This is way too vague to be of much help. What is the Gospel of costly grace? 

Now, against those who would say that this document would throw us together with Rome doctrinally, or even with regard to ambiguity, I would respond by saying that _this is not a churchly document_. The document itself makes quite clear that the signatories are not speaking for their respective organizations. Theoretically, then, with respect even to the point raised above, one could sign it in the sense of retaining one's own understanding of what the phrase "Gospel of costly grace" means. Undoubtedly, that is what many have done. However, because the relationship of the Gospel to these three particular social issues is not spelled out, I cannot agree with all of it. At the very least, the document is vague in a place where it should have been clear. It could easily, for instance, have included something like this: "We believe that the Gospel has implications for these social issues, even though we do not agree on the substance of the Gospel among ourselves." This could have alleviated much of the discomfort that I'm seeing among PB members, and I bet PB'ers aren't the only ones.


----------



## steadfast7 (Nov 24, 2009)

How about looking at this issue sociologically/psychologically ... just for a moment.

Imagine 90% of Orthodox Trinitarians in America sign the document in agreement to what it basically is, not a document speaking primarily of unity in theological traditions, but as a document speaking out against the encroaching secularism of the state. 10% refuse because they want no association with another group in the fold.

What will the world think? 
"Ain't that something, for once the Christians agree about something. Wait a sec ... what's up with them? Aren't they Christians?"
"Yeah, but they disagree with some of the others on matters of doctrine"
"But don't they agree with the stuff the document was talking about?"
"Yeah, they pretty much do."
"Oh, so they agree about some things in private, but they don't want to be associated with one another in pubic."

In my humble opinion, the world doesn't care about the finer points of theology and our family squabbles, but it is interested to see whether we, who believe in a Tri-une deity, will even attempt to demonstrate what that might look like in society. I think there are enough verses in the bible to support the idea that Christians should, in some ways, be mindful about how the world views us when they look at us, especially when it comes to unity.
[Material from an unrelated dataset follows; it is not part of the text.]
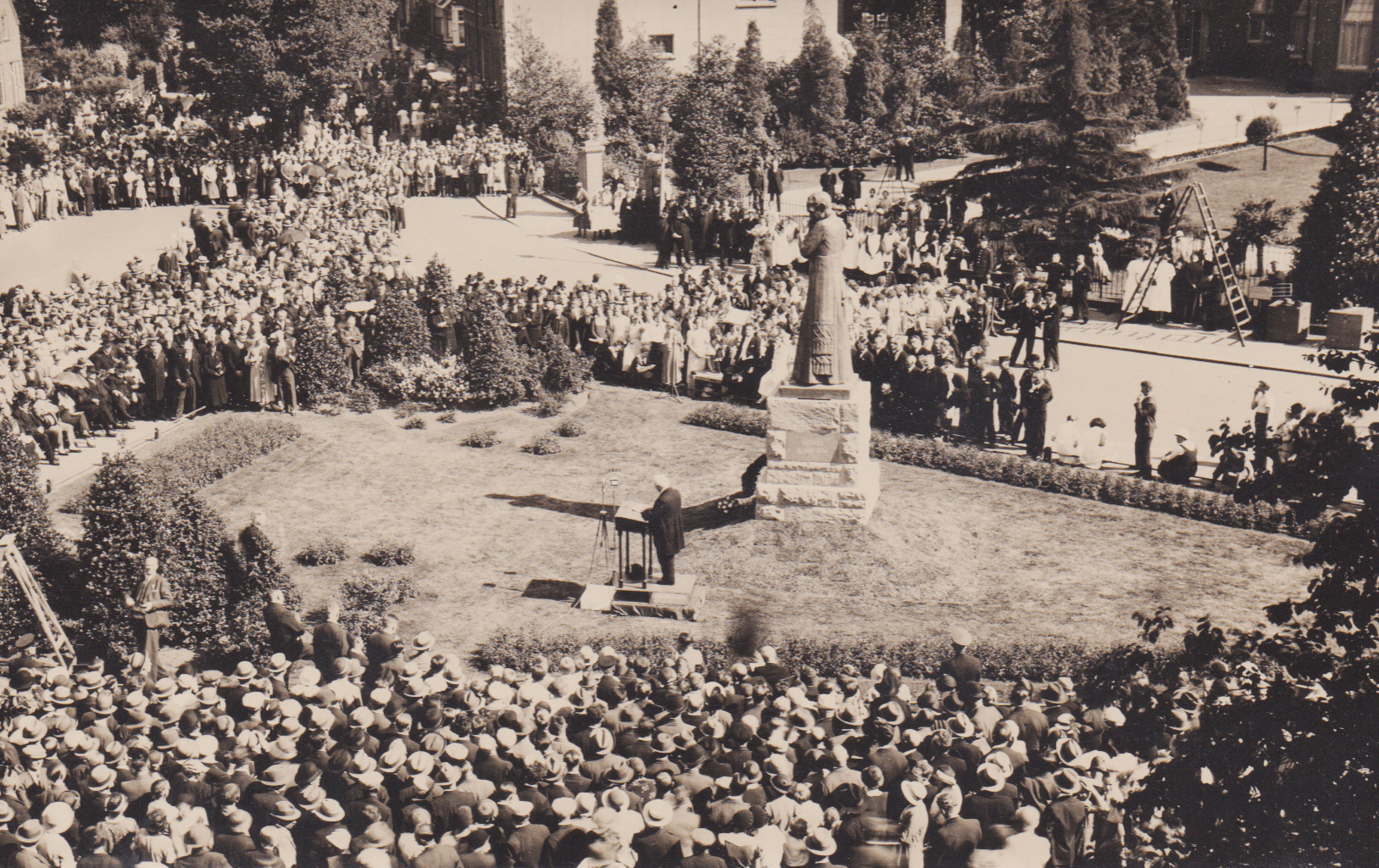 Ariens standbeeld onthulling 1934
What does it look like when Christians refuse to demonstrate their agreement on things that they DO agree on, because of the things they don't agree on? According to this rationale, would you refuse to sign the Nicene creed, because that would lump us together with Rome and the East?


----------



## jogri17 (Nov 24, 2009)

I would sign my name without hesitation along side of the most evil and vile heretic as long as the statement was not about theology but about taking action. That being said as a hopeful future pastor I could not in good conscience sign it because that would violate my vocation as being an ambassador of the Kingdom of God in a special way. If you have a secular vocation (as Colson, Packer, etc... do) then it is acceptable but if you are a pastor then I think getting involved in politics (of either the left or right) is a confusion of the two kingdoms.


----------



## gene_mingo (Nov 24, 2009)

Ivan said:


> I know this is highly hypothetical, but if you (speaking collectively) could abolish abortion in the USA would you team with Muslims (or Mormons, JWs, Catholics, etc.) to do it?



That and more. I would stand with anyone of any religion to end abortion, but I will not affirm them as my christian brothers in order to show solidarity.

-----Added 11/24/2009 at 03:51:52 EST-----



> In my humble opinion, the world doesn't care about the finer points of theology and our family squabbles, but it is interested to see whether we, who believe in a Tri-une deity, will even attempt to demonstrate what that might look like in society. I think there are enough verses in the bible to support the idea that Christians should, in some ways, be mindful about how the world views us when they look at us, especially when it comes to unity.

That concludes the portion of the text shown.